Fig. 5 is a flow chart of an exemplary method for forming an exemplary CNT memory cell element.

It will be appreciated that the reference numerals of any illustrated element appearing in a plurality of different figures have the same meaning in the plurality of figures, and that any illustrated element mentioned or discussed herein in the context of any particular figure is also applicable to every other figure (if any), where the same illustrated element is shown.

Detailed Description

The present disclosure provides CNT memory cell elements and methods of forming CNT memory cell elements. As discussed herein, a CNT memory cell element can include components of a CNT memory cell (e.g., in combination with one or more transistors). The CNT memory cell element may include a lower metal layer M formed _x And upper metal layer M _x+1 M/CNT/M structure in between. In some examples, the M/CNT/M structures may be formed in a common via layer with interconnect vias or contact vias, for example, by depositing tungsten or other conformal metal into corresponding openings in a common dielectric region. In some examples, CNT memory cell elements can be formed without adding any photomask processes to the background integrated circuit fabrication process (e.g., typical CMOS fabrication process).

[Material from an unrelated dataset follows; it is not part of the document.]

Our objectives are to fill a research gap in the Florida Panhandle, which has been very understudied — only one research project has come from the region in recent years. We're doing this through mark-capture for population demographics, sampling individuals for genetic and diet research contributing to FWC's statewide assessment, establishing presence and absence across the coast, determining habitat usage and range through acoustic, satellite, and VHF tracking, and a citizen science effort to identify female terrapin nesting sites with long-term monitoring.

As used herein, for example, in the lower metal layer M _x And an upper metal layer M _x+1 In the context of (a), "metal layer" may include any metal layer or metallization layer including:

(a) Metal interconnect layers, e.g. comprising copper, aluminum or other metals formed by damascene processes or deposited by subtractive patterning processes such as deposition, patterning and etching of metal layers, or

(b) A silicided active region comprising a plurality of silicided structures (structures having a metal silicide layer formed thereon), such as a silicided source region, drain region or polysilicon gate of a MOSFET.

For example, CNT memory cell elements can be constructed at any depth in an integrated circuit structure at two adjacent metal interconnect layers M _x And M is as follows _x+1 Between them.

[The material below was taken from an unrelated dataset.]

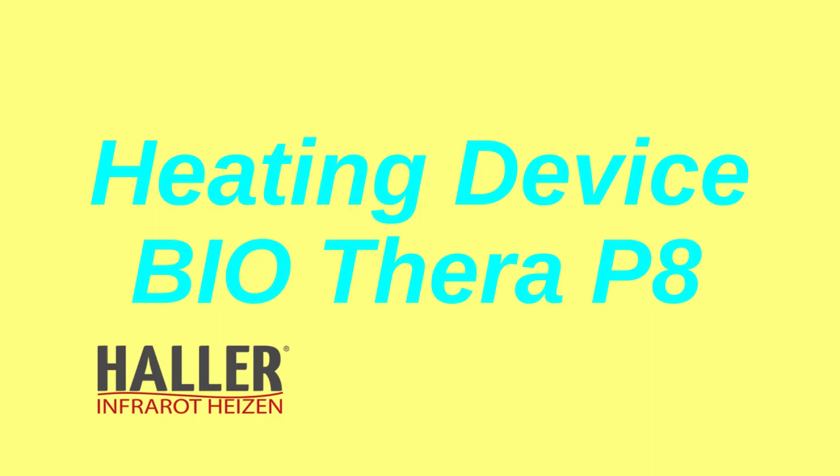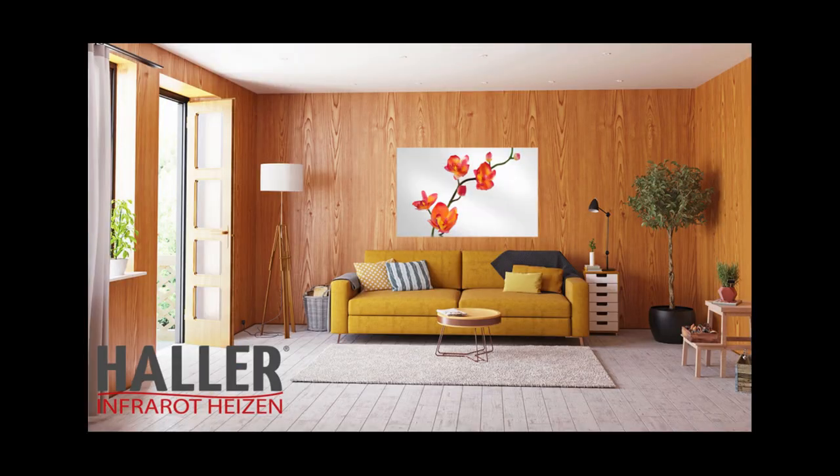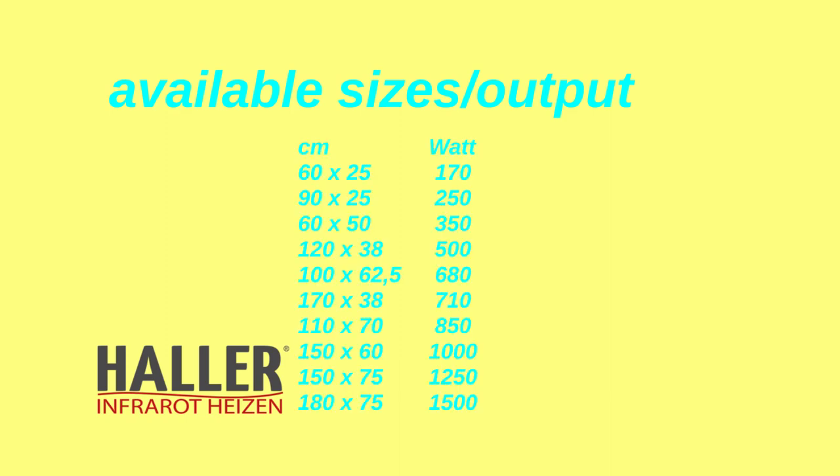Infrared heating devices with Thera P8 technology clean up the air through Thera P8 Tech by ionizing the air. Our air is usually filled with negatively charged ions, and with this technology it becomes as nice as the air close to waterfalls.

As another example, CNT memory cell elements can be fabricated over silicided active regions, particularly on silicon transistors having a metal silicide layer formed over selected transistor features, and under a first metal interconnect layer (commonly referred to as metal-1); in such an example, the silicided active region defines a lower metal layer M _x Where x=0 (i.e., M ₀ ) And (2) andthe first metal interconnect layer (metal-1) defines an upper metal layer M _x+1 (i.e., M ₁ ). In some examples, the CNT memory cell element and the transistor may collectively define a CNT memory cell, e.g., a 1t1c CNT memory cell, where the CNT memory cell is considered a capacitor.

In some examples, CNT memory cell elements (particularly M/CNT/M structures of CNT memory cell elements) may be formed simultaneously with certain interconnect structures (e.g., interconnect vias separate from CNT memory cell elements). For example, the cup-shaped bottom electrode of the CNT memory cell element may be formed simultaneously with the interconnect via by depositing a conformal metal layer (e.g., tungsten) into the respective openings for the cup-shaped bottom electrode and the interconnect via. For example, fig. 2A-2B, 3A-3G, and 4 illustrate exemplary CNT memory cell elements formed simultaneously with interconnect vias.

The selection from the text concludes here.